For this listing, reproduce the line with "Men Las Vegas", the line with "EASTHER 3/4 Sleeve", and the lines between, exactly as they stand. Leave out pictures and all other lines.

[DATA]
----
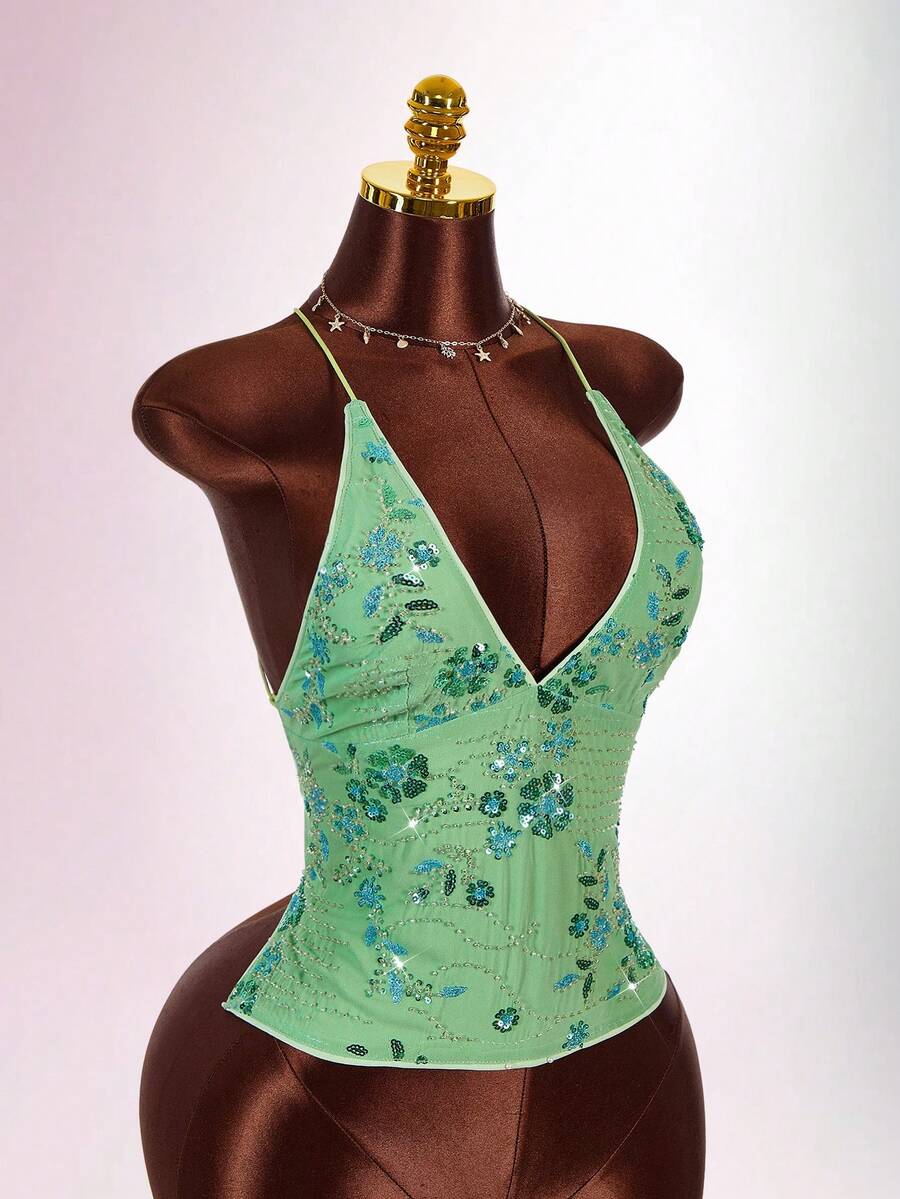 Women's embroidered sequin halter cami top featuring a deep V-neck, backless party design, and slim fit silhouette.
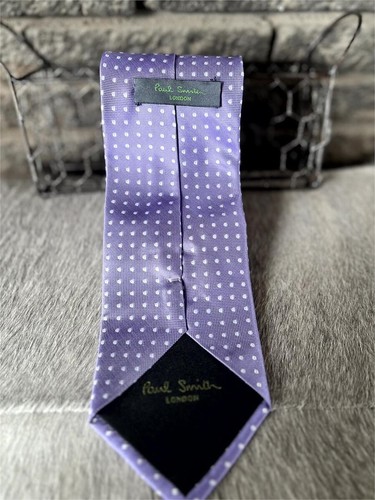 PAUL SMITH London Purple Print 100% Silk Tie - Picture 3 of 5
----
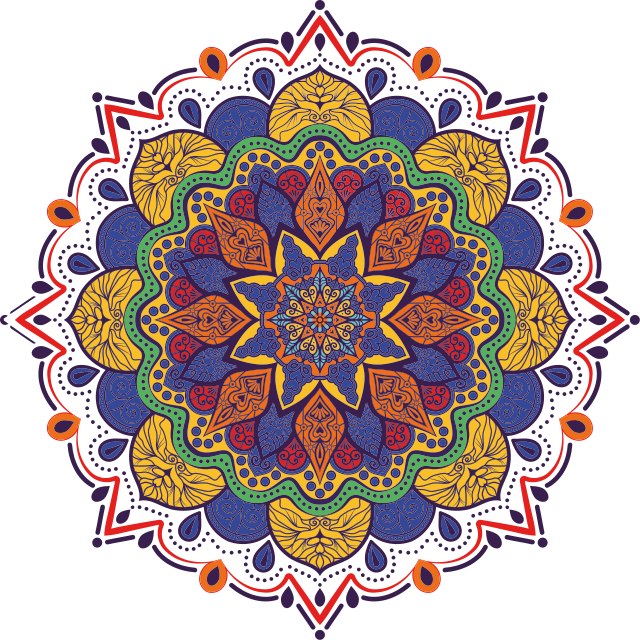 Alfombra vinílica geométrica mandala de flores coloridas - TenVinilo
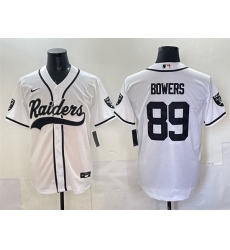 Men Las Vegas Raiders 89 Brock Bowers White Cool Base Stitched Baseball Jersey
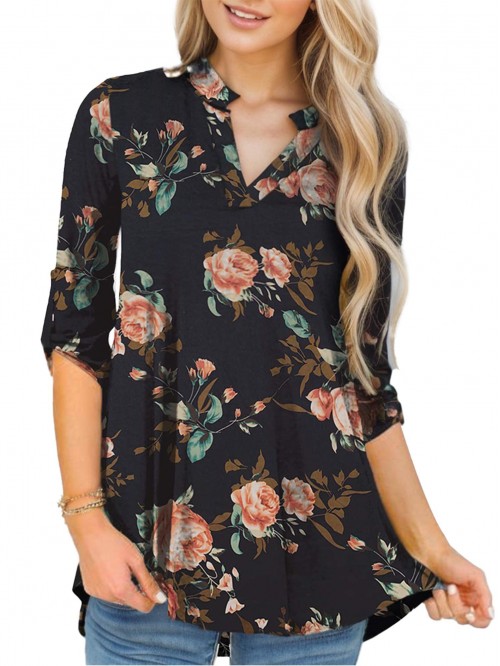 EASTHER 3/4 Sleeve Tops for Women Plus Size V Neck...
----
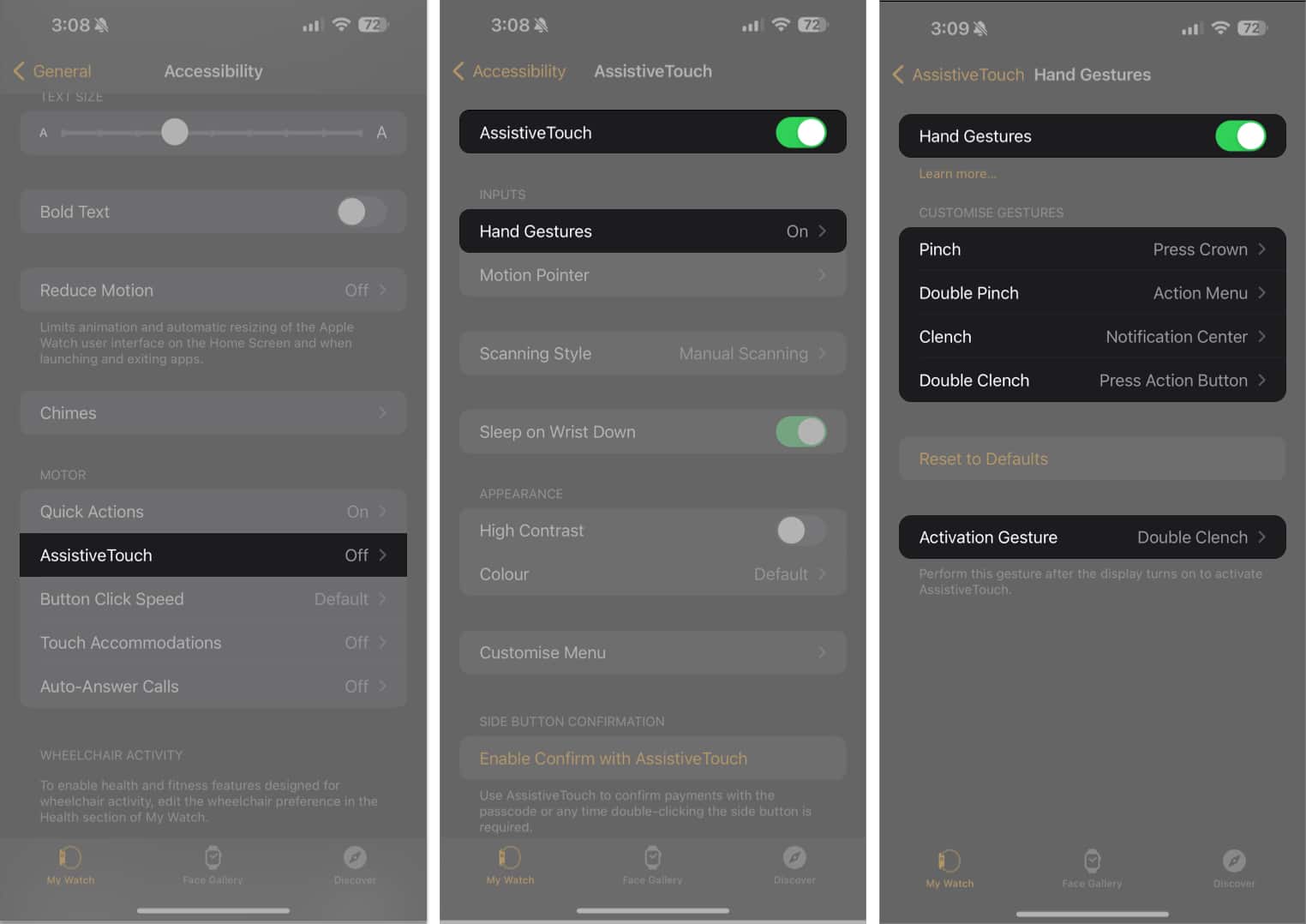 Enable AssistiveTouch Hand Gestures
----
[THE COMPLETED TASK]
 Men Las Vegas Raiders 89 Brock Bowers White Cool Base Stitched Baseball Jersey
 EASTHER 3/4 Sleeve Tops for Women Plus Size V Neck...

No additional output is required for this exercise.